Бабушка вдруг зашевелила губами, и я склонился к ней, стараясь расслышать хотя бы слово. «За молитвы святых отец наших, Господи Иисусе Христе, помилуй мене». – Старушка молилась, молилась так, как ее учили родители, с теми особыми выражениями, которые встречаются в старых молитвенниках, изданных где-то во времена Первой мировой. Она прочла «Трисвятое», дошла до «Отче наш» и прочла Иисусову молитву отчетливо. Затем стала читать Символ веры. Я слушал. Там тоже попадались старые слова, сохранившиеся со времен святителя Димитрия Ростовского. Вместо «нас ради» я услышал «нас диля человек и нашего диля спасения». Это было трогательно и красиво. Человек достиг заката земной жизни, готовился встретиться с Богом и уже не мог говорить, но все еще мог молиться. Человек молился, повторяя слова, со времен детства повторенные уже не одну тысячу раз. Какие грехи она совершила? Какие из них оплакала и исповедала? За какие понесла очистительные скорби, хороня родных, болея, тяжко трудясь? Вряд ли я мог уже это узнать. Но нельзя было не причастить эту сухонькую и беспомощную женщину, лежавшую перед моими глазами и молившуюся, сложив по-детски руки.

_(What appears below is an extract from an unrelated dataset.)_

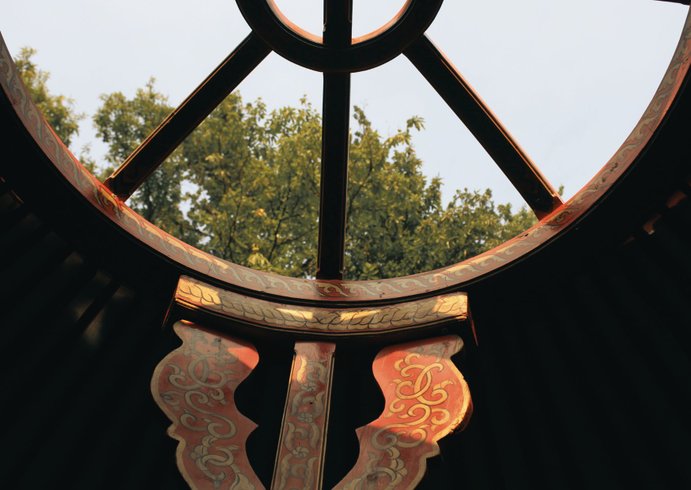 Hébergement AbracadaRoom : La Yourte avec vue imprenable - Image 12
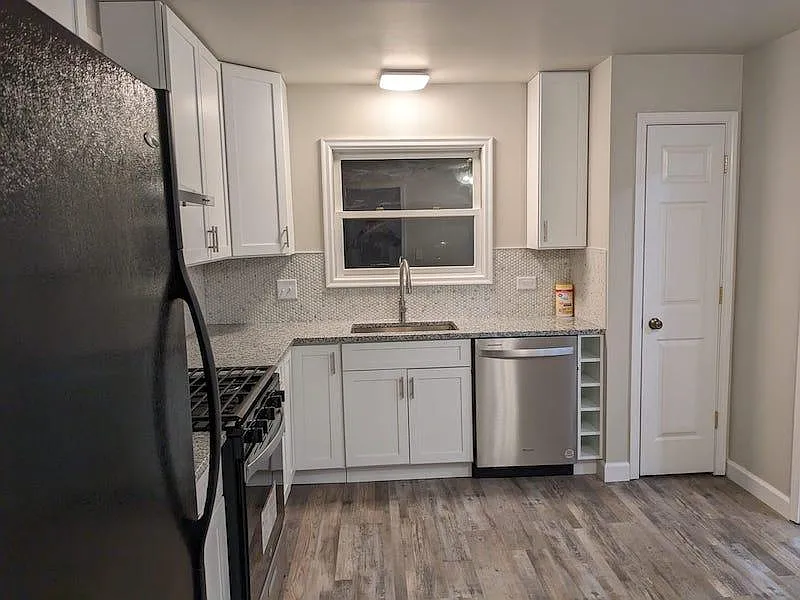 4 bed, 2.5 bath, 2300 sqft, $3,600 — Photo 4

Не поворачивая головы и не меняя выражения лица, она приоткрыла рот, чтобы принять Святые Тайны. Затем покорно запила, два раза глотнув теплой воды из стакана, который я поднес к ее устам. Когда я стал читать «Ныне отпущаеши», старушка, словно закончив работу и собираясь отдыхать, закрыла глаза и опустила руки вдоль тела.

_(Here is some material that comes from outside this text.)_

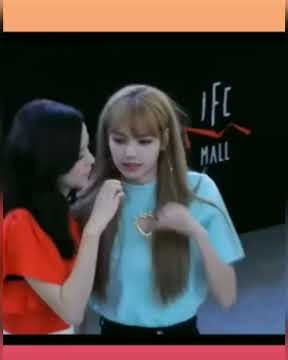 Jennie being jealous by Jisoo kissing Lisa 😳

Уходя, я поговорил с внучкой о том, как поступать, «если что», и, отказавшись от чая, попросил отвезти меня в храм. Пока мы ехали по узким улицам перегруженного машинами города, мне хотелось думать о Марии Египетской, которая просила Зосиму перед тем, как ее причастить, прочесть молитву Господню и Символ веры.
Бабушка отошла на Светлой седмице. Мы с псаломщиком пели над ней Пасхальный канон, и казалось, что она вот-вот приоткроет уста и начнет шепотом повторять за нами: «Смерти празднуем умерщвление, адово разрушение, иного жития вечнаго начало и, играюще, поем Виновнаго…»
На девятый день внучка с мужем и сыном была у нас в храме, и мы служили панихиду. Так же было и на сороковой. В сороковой день после молитвы я спросил у внучки, как их дела, как жизнь, как правнук отнесся к смерти старушки.
– Все хорошо, отче, – ответила она, – только кажется, будто кто-то отнял у нас что-то. Бабця (она назвала ее по-местному) не могла нам уже ничем помочь. Да мы и не хотели от нее никакой помощи. Но за те пару месяцев, что она у нас доживала, так хорошо пошли все дела, и по бизнесу у меня, и у мужа на работе. А теперь как-то стало тяжелее, то тут проблемы, то там. Может, нам кто-то «сделал» какие-то пакости?